Project implementation period:
2012 to 2013
About the project:
The project aims to develop Tajikistan's music industry through capacity-building, access to technology and information and direct support to young and emerging musicians.
The Bactria Culture Centre was established in 2001 in Dushanbe by international NGO ACTED, in order to support visual arts, art education, language development and music in Tajikistan. In the domain of music, the Centre addresses local musicians’ limited access to information and vocational training. Its focus is on the development and capacity building of the country’s music industry. The Centre offers a venue to musicians where they can freely practice their art and perform in front of audiences. It also organizes workshops and master classes that provide training in a variety of musical styles.
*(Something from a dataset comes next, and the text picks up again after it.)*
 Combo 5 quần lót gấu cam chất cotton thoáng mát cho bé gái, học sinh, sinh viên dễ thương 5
The Centre benefits from partnerships with both international and local stakeholders such as BBC, Global Music Center, Future of Music Coalition, Gurminj Museum, Shashmakom Academy and Tajik National Conservatory.
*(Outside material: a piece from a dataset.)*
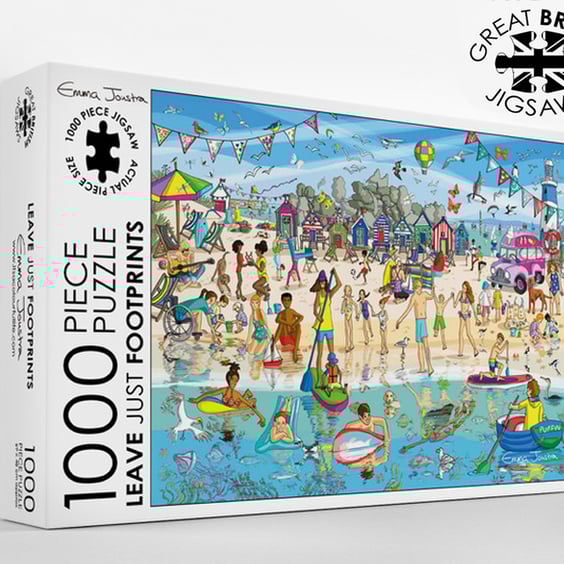 Leave just footprints 1,000 piece jigsaw puzzle designed and made in the UK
- 32 public events involved support or were directly organized by trainees.
- Over 18000 people attended these events.
- 50% of the trainees found jobs.
Country of applicant:
Funds allocated (in USD):
Title of the section:
Even though Tajikistan’s music scene has witnessed an emergence of contemporary and alternative genres, with young artists playing jazz, fusion, rock and rap styles, music production is confined to a small group of individuals and businesses that prioritize a few limited genres of music. This core problem stems from the low expertise of Tajik nationals in music technology and management, the isolation of individual artists, and the extremely limited access to musical instruments and recording equipment. Due to the restricted nature of Tajik music production, it is hard for young musicians to access or find tools of cultural expression and production that add to the cultural diversity of the music sphere.
The country has struggled with severe social, economic and cultural decline following the collapse of the USSR. Those issues were then aggravated by the civil war between 1993 and 1997 that forced many cultural institutions to put their activities on a standstill, or close down permanently. As a result, both traditional and contemporary segments of the music industry collapsed. With no recovery on the horizon, degradation in the quality of the music industry’s output and rather homogenous listening tastes of the general public have negatively impacted the country’s diversity of cultural expressions.
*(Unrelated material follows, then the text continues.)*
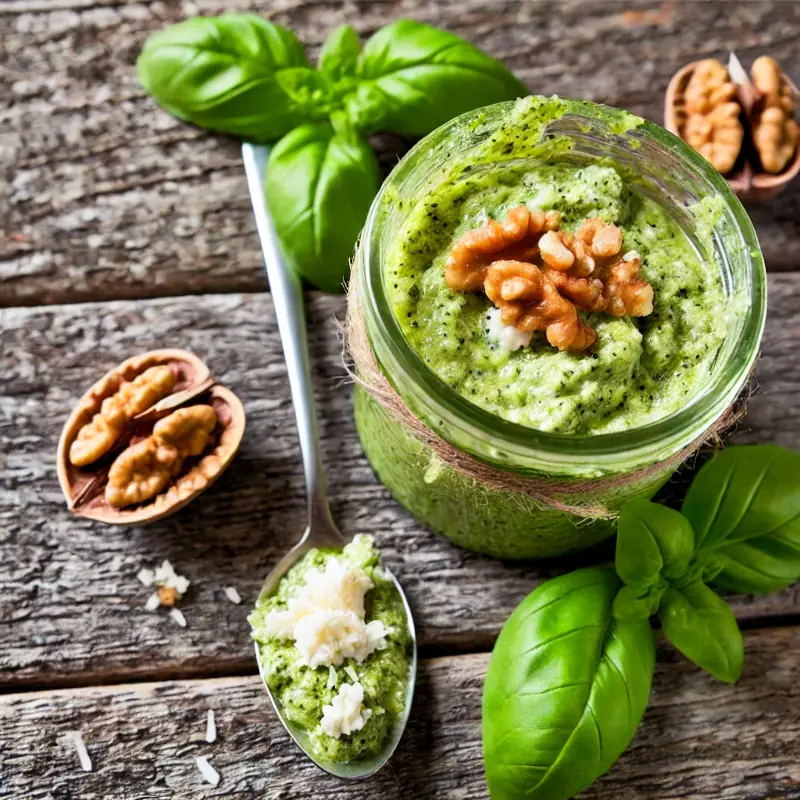 Pesto s vlašskými ořechy a ricottou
This can be attributed to several issues. Musicians are divided on both a cultural and geographical level. This is partly due to under-developed transportation and communication infrastructures between North, South and Pamir regions. As a result, musicians have limited opportunities to tour within the country. Second, there is lack of access to professional-grade equipment such as instruments, amplifiers and tools used for mixing and recording. When it is available, this equipment is imported with a considerable mark-up cost. This makes it impossible for young and emerging artists to produce music or organize concerts. Thus, the general public remains unexposed to new local trends. Then, there is a notable lack of training for professions that constitute the variety of the local music sphere stakeholders, such as managers, sound engineers, technicians and self-managed artists. Finally, lack of access to relevant information is an issue that affects musicians, technicians and the general public in equal measures.
Title of the section:
The main objective of the project is to strengthen and diversify music production in Tajikistan. The Bactria Cultural Centre does this by playing the role of a facilitator to provide capacity-building for musicians and other stakeholders in the industry.
First, the project is building music management, self-management, promotion, sales as well as sound technology skills among young musicians, managers and technicians working with a variety of musical genres. Promotion of musicians’ mobility is another key objective that addresses limited touring opportunities due to divides between different cultural regions of Tajikistan. This is followed by efforts to increase networking among music stakeholders on the domestic level, but also by building relationships internationally.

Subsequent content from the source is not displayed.